What this task involves
The reply must contain all of the records, unchanged.

Top of Input records

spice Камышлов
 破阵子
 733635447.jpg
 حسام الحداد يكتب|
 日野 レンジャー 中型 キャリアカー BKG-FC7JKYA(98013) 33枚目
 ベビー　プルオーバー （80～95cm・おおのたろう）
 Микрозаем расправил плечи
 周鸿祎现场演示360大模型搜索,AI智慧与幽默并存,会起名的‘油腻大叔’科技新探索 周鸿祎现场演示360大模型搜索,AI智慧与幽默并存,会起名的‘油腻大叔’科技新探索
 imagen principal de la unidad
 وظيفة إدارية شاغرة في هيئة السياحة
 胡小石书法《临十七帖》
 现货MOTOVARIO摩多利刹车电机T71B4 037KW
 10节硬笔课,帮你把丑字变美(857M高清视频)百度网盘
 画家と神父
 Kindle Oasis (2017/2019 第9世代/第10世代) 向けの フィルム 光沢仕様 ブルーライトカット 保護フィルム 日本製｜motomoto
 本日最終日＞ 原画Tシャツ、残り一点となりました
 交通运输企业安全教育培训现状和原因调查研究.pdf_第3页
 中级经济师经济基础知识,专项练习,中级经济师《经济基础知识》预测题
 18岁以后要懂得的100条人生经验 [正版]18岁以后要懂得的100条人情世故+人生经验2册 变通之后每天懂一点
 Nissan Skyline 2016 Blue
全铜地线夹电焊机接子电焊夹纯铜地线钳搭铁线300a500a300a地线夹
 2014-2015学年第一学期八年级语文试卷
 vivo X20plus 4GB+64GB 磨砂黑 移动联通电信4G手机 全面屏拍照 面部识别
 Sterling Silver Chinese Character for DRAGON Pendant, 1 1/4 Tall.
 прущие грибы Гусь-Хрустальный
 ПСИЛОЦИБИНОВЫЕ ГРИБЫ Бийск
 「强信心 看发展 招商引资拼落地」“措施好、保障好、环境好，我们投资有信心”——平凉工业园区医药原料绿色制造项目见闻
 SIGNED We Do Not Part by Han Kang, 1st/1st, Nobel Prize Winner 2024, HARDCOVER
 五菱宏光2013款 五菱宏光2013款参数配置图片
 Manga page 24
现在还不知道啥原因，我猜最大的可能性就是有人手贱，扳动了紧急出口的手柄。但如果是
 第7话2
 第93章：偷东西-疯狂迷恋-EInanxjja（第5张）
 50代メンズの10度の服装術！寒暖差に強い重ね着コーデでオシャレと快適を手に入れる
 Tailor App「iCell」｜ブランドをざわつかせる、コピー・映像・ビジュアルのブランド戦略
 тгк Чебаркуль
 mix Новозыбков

Bottom of Input records

Task answer
spice Камышлов
 破阵子
 733635447.jpg
 حسام الحداد يكتب|
 日野 レンジャー 中型 キャリアカー BKG-FC7JKYA(98013) 33枚目
 ベビー　プルオーバー （80～95cm・おおのたろう）
 Микрозаем расправил плечи
 周鸿祎现场演示360大模型搜索,AI智慧与幽默并存,会起名的‘油腻大叔’科技新探索 周鸿祎现场演示360大模型搜索,AI智慧与幽默并存,会起名的‘油腻大叔’科技新探索
 imagen principal de la unidad
 وظيفة إدارية شاغرة في هيئة السياحة
 胡小石书法《临十七帖》
 现货MOTOVARIO摩多利刹车电机T71B4 037KW
 10节硬笔课,帮你把丑字变美(857M高清视频)百度网盘
 画家と神父
 Kindle Oasis (2017/2019 第9世代/第10世代) 向けの フィルム 光沢仕様 ブルーライトカット 保護フィルム 日本製｜motomoto
 本日最終日＞ 原画Tシャツ、残り一点となりました
 交通运输企业安全教育培训现状和原因调查研究.pdf_第3页
 中级经济师经济基础知识,专项练习,中级经济师《经济基础知识》预测题
 18岁以后要懂得的100条人生经验 [正版]18岁以后要懂得的100条人情世故+人生经验2册 变通之后每天懂一点
 Nissan Skyline 2016 Blue
全铜地线夹电焊机接子电焊夹纯铜地线钳搭铁线300a500a300a地线夹
 2014-2015学年第一学期八年级语文试卷
 vivo X20plus 4GB+64GB 磨砂黑 移动联通电信4G手机 全面屏拍照 面部识别
 Sterling Silver Chinese Character for DRAGON Pendant, 1 1/4 Tall.
 прущие грибы Гусь-Хрустальный
 ПСИЛОЦИБИНОВЫЕ ГРИБЫ Бийск
 「强信心 看发展 招商引资拼落地」“措施好、保障好、环境好，我们投资有信心”——平凉工业园区医药原料绿色制造项目见闻
 SIGNED We Do Not Part by Han Kang, 1st/1st, Nobel Prize Winner 2024, HARDCOVER
 五菱宏光2013款 五菱宏光2013款参数配置图片
 Manga page 24
现在还不知道啥原因，我猜最大的可能性就是有人手贱，扳动了紧急出口的手柄。但如果是
 第7话2
 第93章：偷东西-疯狂迷恋-EInanxjja（第5张）
 50代メンズの10度の服装術！寒暖差に強い重ね着コーデでオシャレと快適を手に入れる
 Tailor App「iCell」｜ブランドをざわつかせる、コピー・映像・ビジュアルのブランド戦略
 тгк Чебаркуль
 mix Новозыбков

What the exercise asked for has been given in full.